Housing cancellation

Cash stocks/combine accounts

Change money if possible:
*Puerto Rico- Dollars
*Brazil- Cruzeiro Real (1 BRL = .47AMD)
*South Africa- Rand (1ZAR = .13AMD)
*Mauritius- Mauritius Rupee (1MUR = .03AMD)
*India- Indian Rupee (1INR = .02AMD)
*Malaysia- Ringgit (1MYR = .27AMD)
*Vietnam- Dông (1VND = .00006AMD)
*Hong Kong- Hong Kong Dollar (1HKD = .13AMD)
*China- Yuan Renminbi (1CNY = .13AMD)
*Japan- Yen (1GPY = .008AMD)
*Hawaii- Dollars


Yeahhhhh more later

* * *
I've pretty much given up on this semester. As long as I get a B or better in my classes it really doesn't matter. It's not like the GPA will matter since Im transferring and just the credit goes anyhow. As long as I get into one of the four schools Ive applied to, it's all good. I'd love to get into GWU but Im borderline with them, so if I don't then it's off to Clemson, JWU or UCF.

But honestly, who the hell can care about all that with this spring. 
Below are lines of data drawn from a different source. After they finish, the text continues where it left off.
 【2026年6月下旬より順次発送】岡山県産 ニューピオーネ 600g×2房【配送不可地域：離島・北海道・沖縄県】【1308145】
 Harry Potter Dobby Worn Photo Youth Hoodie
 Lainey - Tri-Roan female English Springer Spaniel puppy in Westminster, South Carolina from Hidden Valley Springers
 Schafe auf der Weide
How the heck are we supposed to focus on school and life with SAS coming up? We were having this discussion on the facebook group. It's all we think about. It's all we dream about. When we're in class, we think about hte shiplife. When we're at work, we think about our itineraries. 

How can't we? This literally is once in a lifetime. We're going around the globe, stopping in 12 countries and spanning five continents. We're living with families and working in orphanages and sleeping under the stars. 
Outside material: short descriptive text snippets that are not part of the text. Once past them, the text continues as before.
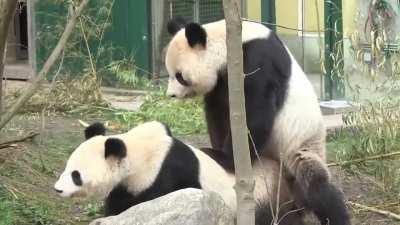 Pandas Having Fun Time...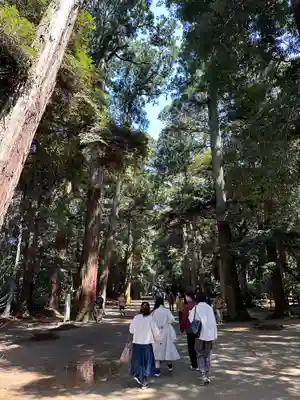 鹿島神宮(茨城県)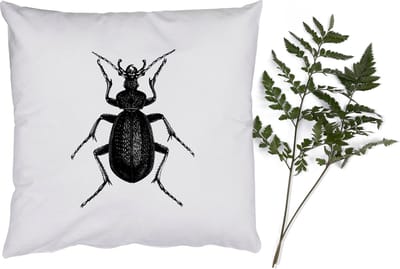 Sierkussens - Kussentjes Woonkamer - 40x40 cm - Zwart wit - Kever - Vintage - Insecten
After this spring I'm going to have caught and eatten pirana, slept in a hammock on the Amazon, gone weeks without seeing land, cage dove with great white sharks, (possibly... if I can bring myself to do it...) skydove and hang glided over South Africa, lived and worked with a family in India, lived in a University in Malaysia and Hong Kong, canoed and slept on the MeKong Delta River in Vietnam, snorkled off Hawaii, and stayed up all night talking politics with Archbishop Desmond Tutu, along with so many other things that will happen spur of the moment. 

How the hell are we supposed to simply take classes and 'get on with our lives' when in three months we're going to be on the adventure of a lifetime? 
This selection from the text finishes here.